Genetic changes tied to rare brain bleeds in babies
A rare hereditary condition, called vein of Galen malformation, causes high-pressured blood to be pumped from arteries into veins. The veins aren't meant to handle such pressure and can rupture, spilling blood into the brain.
"The effect is like trying to connect your backyard garden hose to a fire hydrant—the veins simply cannot withstand such high pressures from pumping arteries," explained study corresponding author Kristopher Kahle, of Yale University. He's an assistant professor of neurosurgery, pediatrics, and cellular and molecular physiology.
For the study, Kahle's team conducted genetic analyses of 55 children with vein of Galen malformation and their parents. The investigators identified a number of genetic mutations associated with the condition.
One mutation is in a gene called EPHB4, which plays a major role in the development of the vascular system, the study authors reported.

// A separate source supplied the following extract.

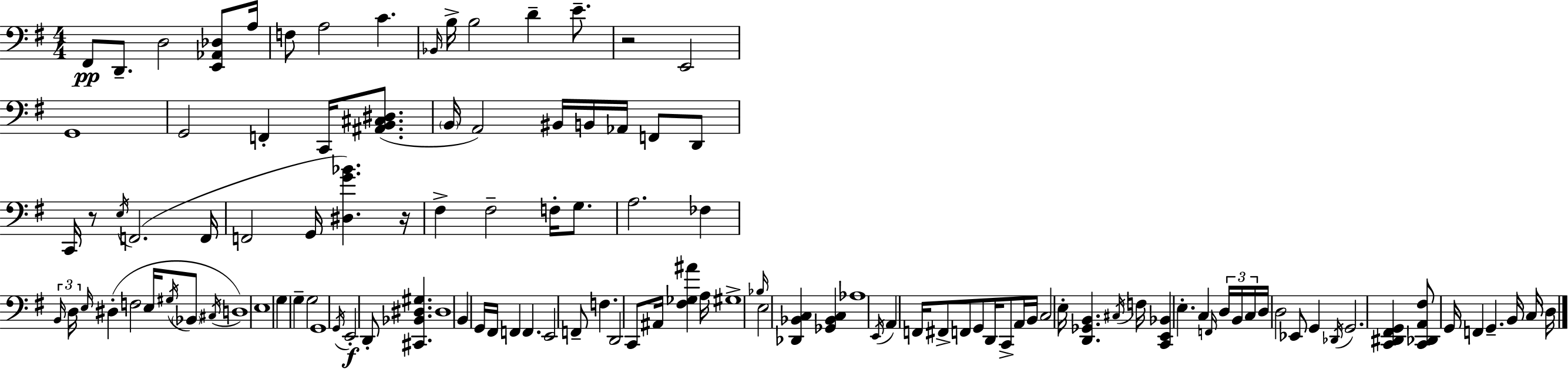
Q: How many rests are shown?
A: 3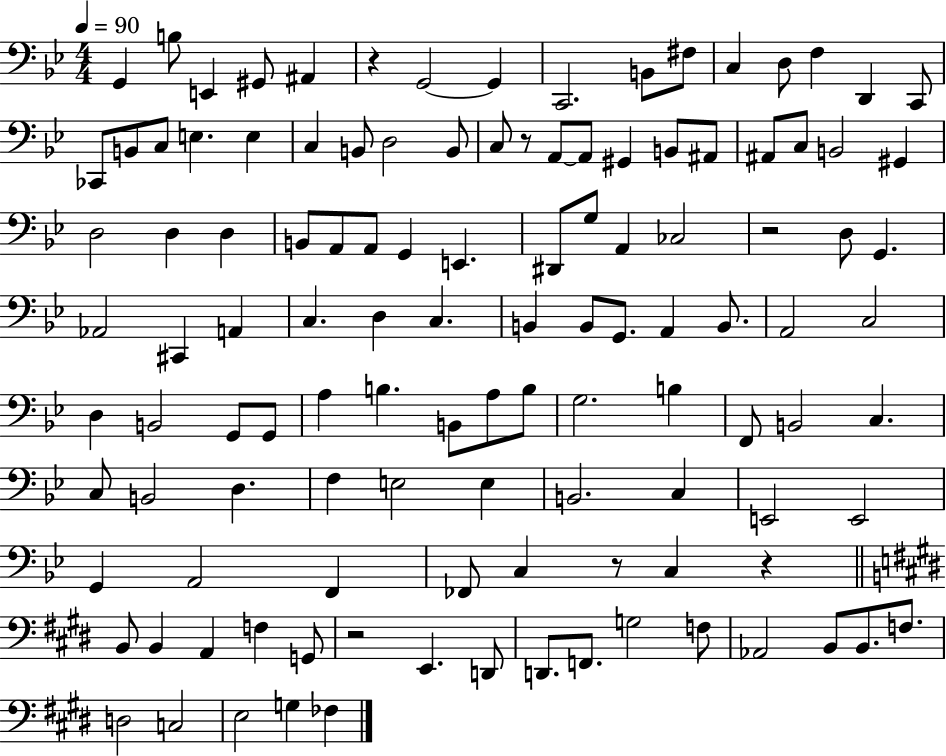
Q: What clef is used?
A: bass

The researchers also discovered that many parents who carry mutations of this gene had skin lesions caused by vascular irregularities. This information might help doctors diagnose vein of Galen malformation before a baby suffers a brain bleed, Kahle and his colleagues said in a Yale news release.

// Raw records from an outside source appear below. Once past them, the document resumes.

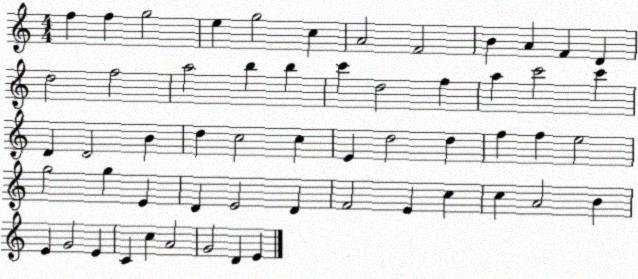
X:1
T:Untitled
M:4/4
L:1/4
K:C
f f g2 e g2 c A2 F2 B A F D d2 f2 a2 b b c' d2 f a c'2 c' D D2 B d c2 c E d2 d f f e2 g2 g E D E2 D F2 E c c A2 B E G2 E C c A2 G2 D E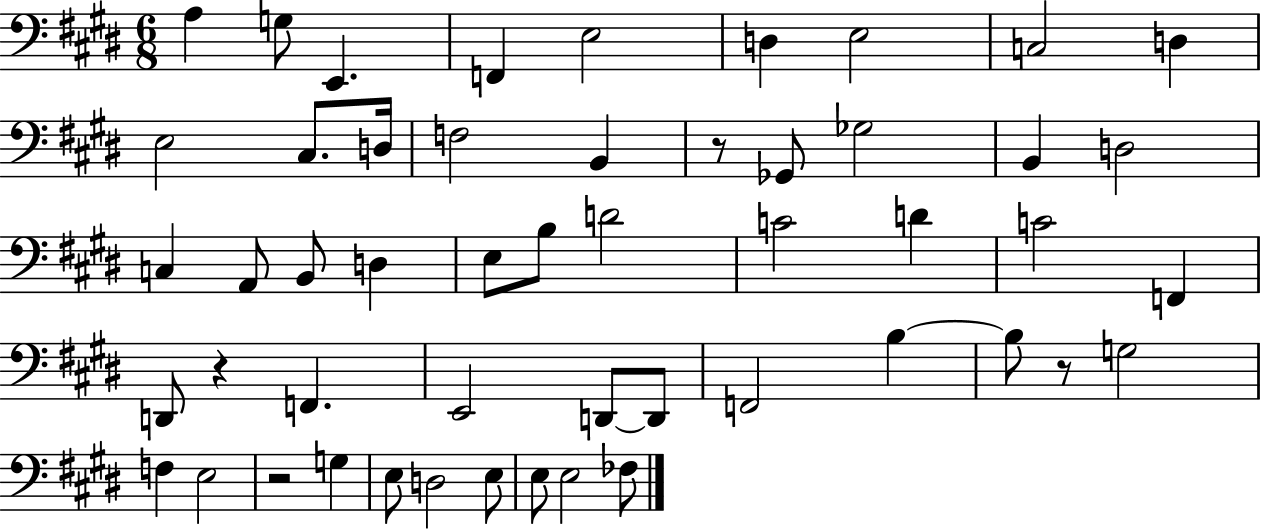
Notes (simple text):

A3/q G3/e E2/q. F2/q E3/h D3/q E3/h C3/h D3/q E3/h C#3/e. D3/s F3/h B2/q R/e Gb2/e Gb3/h B2/q D3/h C3/q A2/e B2/e D3/q E3/e B3/e D4/h C4/h D4/q C4/h F2/q D2/e R/q F2/q. E2/h D2/e D2/e F2/h B3/q B3/e R/e G3/h F3/q E3/h R/h G3/q E3/e D3/h E3/e E3/e E3/h FES3/e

Currently, the best treatment is a minimally invasive catheter procedure, but only a few facilities in the United States can perform the operation, the researchers said.
However, there are drugs to treat other conditions caused by genetic disruptions identified in the study. Those drugs might prove helpful in treating children with vein of Galen malformation, Kahle said.
The findings were published Dec. 18 in the journal Neuron.